In this paper, we try to explain the evolution of income-related inequality in health. Therefore, we used a balanced panel consisting of nine waves of the PSBH. We transformed our categorical SAH variable into a continuous one using the interval regression approach. As external data for scoring the intervals we used the EQ-5D index values developed for Flanders.

The results show a pro-rich distribution of SAH in each year. Moreover, cross-section as well as long-run inequality increases towards later periods. However, using the former underestimates inequality due to the fact that downwards mobile people in the income rank tend to report a below-average level of health. The difference caused by this mobility is captured by the health-related income mobility index, which is 9.45% in absolute values after nine years. Decomposing the mobility index into its contributors reveals that the dynamics of income, education, job status and age have the largest influence. These are the same for the decomposition of the long-run income-related health inequality. We also find that equivalent (current) income has a reverse effect on the mobility index compared to the CI.

Discussion

In our analysis we used a dynamic approach to measure inequality in health rather than a static one. Where the latter approach is often used to compare inequality at two different points in time, the dynamic approach is especially useful when interest lies in long-run rather than short-run inequality (which can be the case for, e.g., policy makers). As Jones and Lopez [3] prove theoretically and as is also shown in this study with Belgian data, looking at different points in time using short-run CI does not give a complete picture. We find an increase in the absolute value of the CI of 9.45% when taking dynamics into consideration.

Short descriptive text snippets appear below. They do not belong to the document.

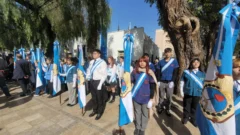 Día del Maestro: la docencia transformadora, eje del homenaje a Sarmiento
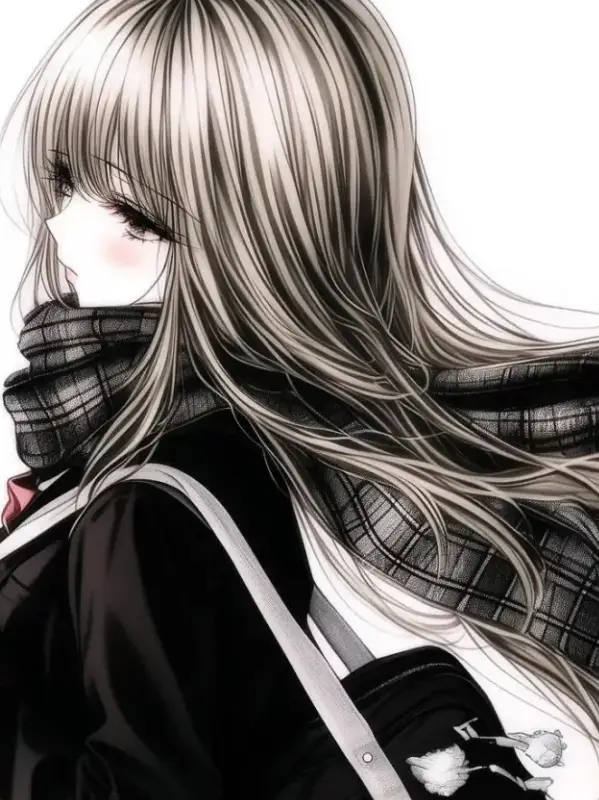 Aika Kurokawa - Shy._avatar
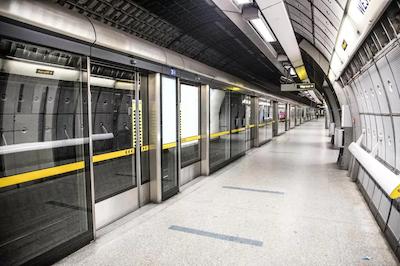 ماریت لندن کانتی هال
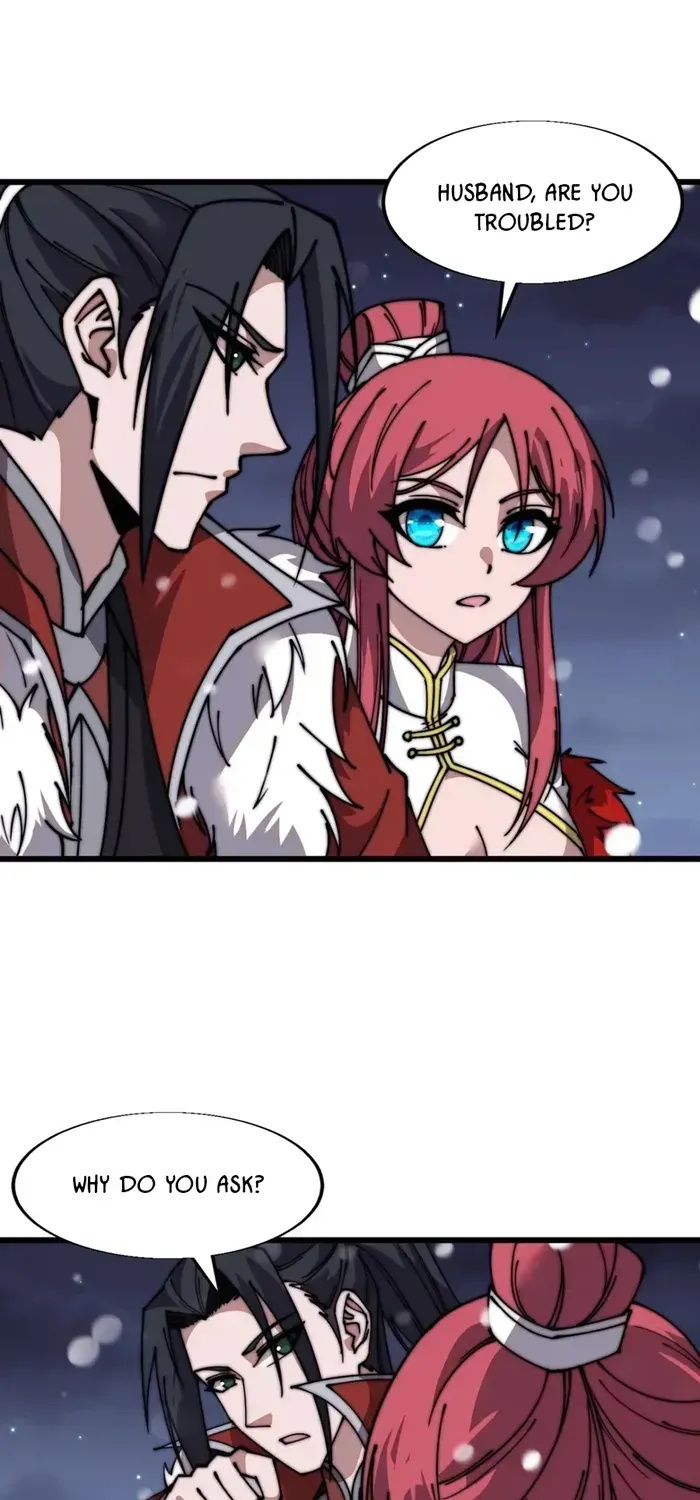 Read It Starts With A Mountain chapter 697 image 18 on Lezhin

We performed our analysis using a balanced panel subsample of the PSBH. The advantage is that the same individuals can be followed during a certain period. Here we look at how change in income distribution has an impact on the inequality in SAH. Because we are able to follow each individual in every year we have a complete picture of their relative evolution. However, we have to be aware that in other studies evidence exists for the fact that poorer people or people in worse health are more likely to drop out of the sample. Therefore we must be careful in drawing conclusions for Belgium as a whole.